### Aim of the exercise
Return the lines of the listing below exactly as they appear, beginning at the one with "2.为空巢老人提供义诊服务,并宣传健康知识_副本.jpg" and stopping after the one with "Vader Leendert en"; do not include pictures.

### Given records
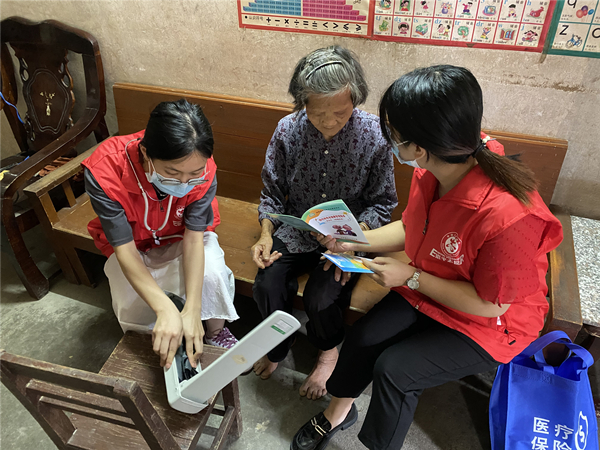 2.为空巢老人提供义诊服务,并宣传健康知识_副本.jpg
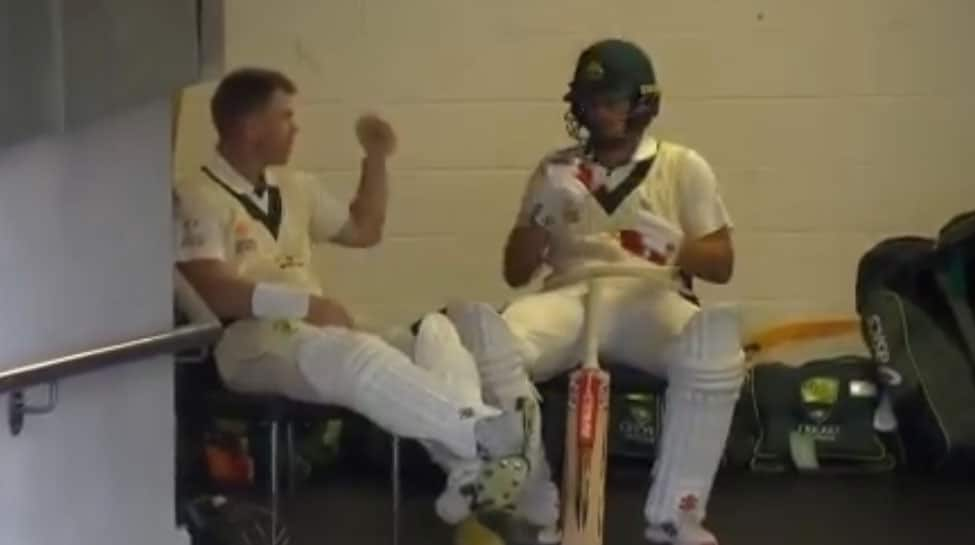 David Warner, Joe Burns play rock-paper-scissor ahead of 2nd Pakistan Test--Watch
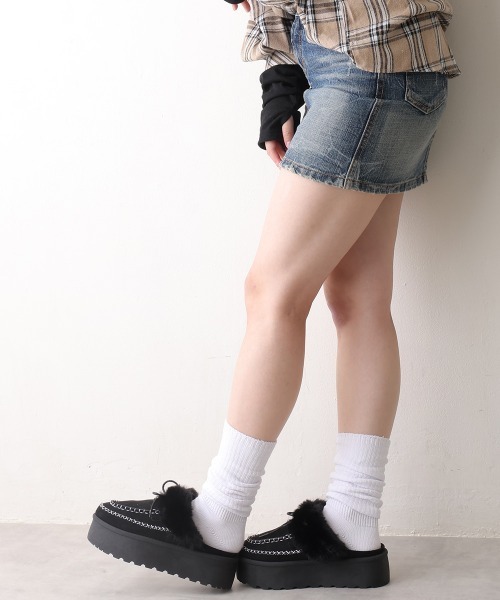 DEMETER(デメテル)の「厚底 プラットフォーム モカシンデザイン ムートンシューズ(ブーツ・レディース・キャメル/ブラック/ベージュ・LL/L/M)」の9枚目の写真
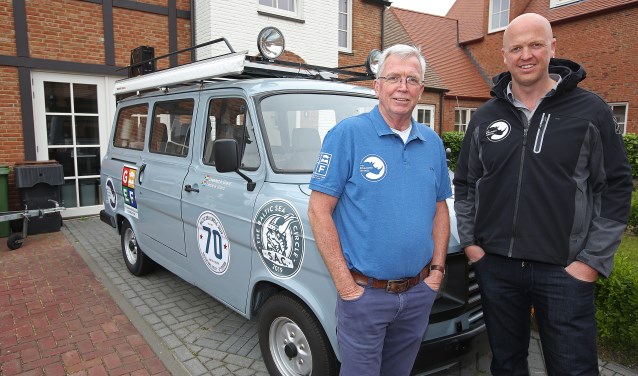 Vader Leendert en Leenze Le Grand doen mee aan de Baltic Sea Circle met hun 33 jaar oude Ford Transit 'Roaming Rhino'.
--
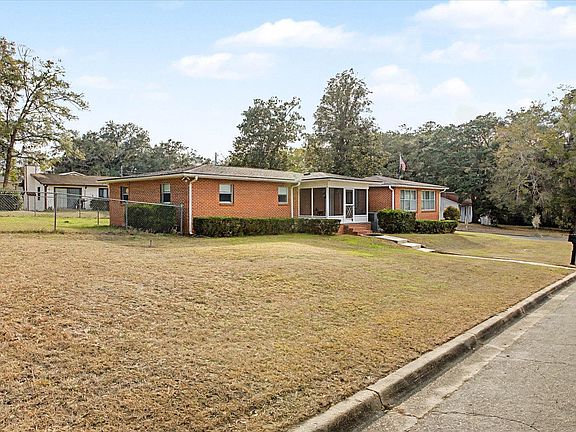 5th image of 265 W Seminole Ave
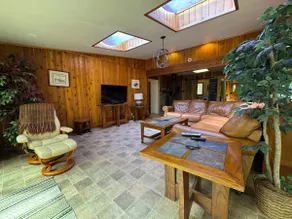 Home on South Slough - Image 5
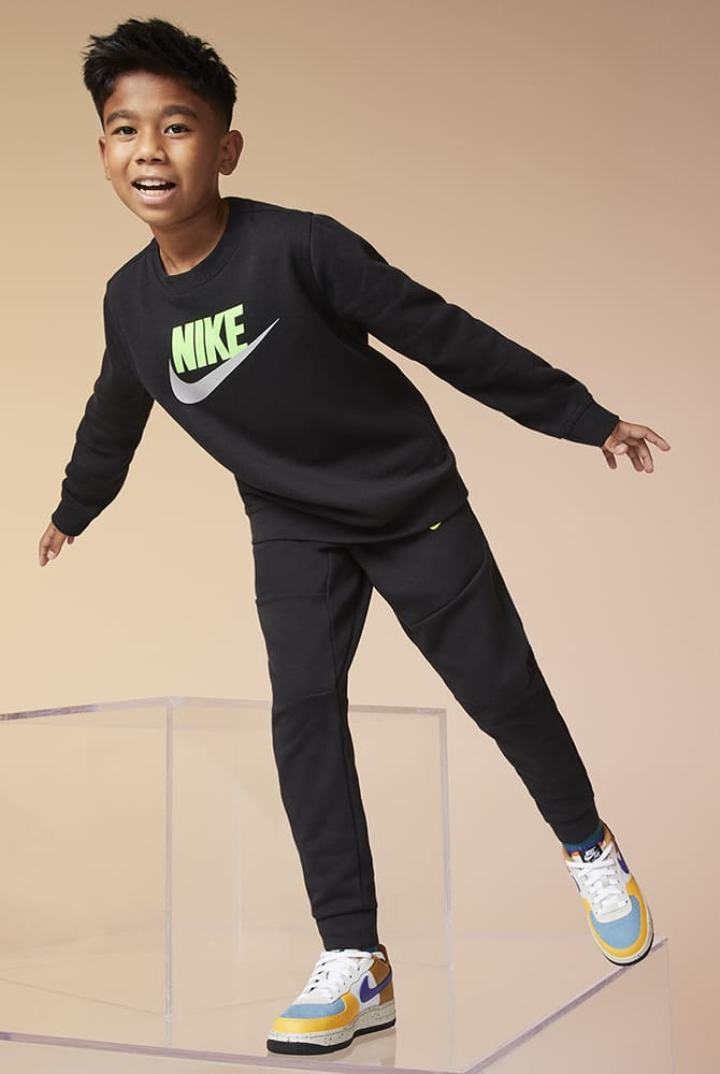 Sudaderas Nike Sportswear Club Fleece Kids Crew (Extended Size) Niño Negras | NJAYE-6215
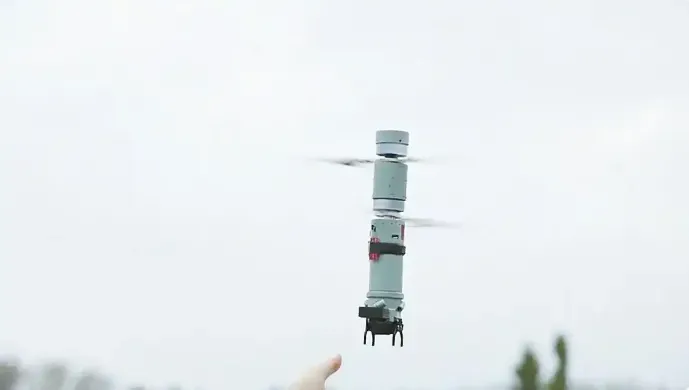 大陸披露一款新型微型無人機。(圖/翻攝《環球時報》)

### Result for this exercise
 2.为空巢老人提供义诊服务,并宣传健康知识_副本.jpg
 David Warner, Joe Burns play rock-paper-scissor ahead of 2nd Pakistan Test--Watch
 DEMETER(デメテル)の「厚底 プラットフォーム モカシンデザイン ムートンシューズ(ブーツ・レディース・キャメル/ブラック/ベージュ・LL/L/M)」の9枚目の写真
 Vader Leendert en Leenze Le Grand doen mee aan de Baltic Sea Circle met hun 33 jaar oude Ford Transit 'Roaming Rhino'.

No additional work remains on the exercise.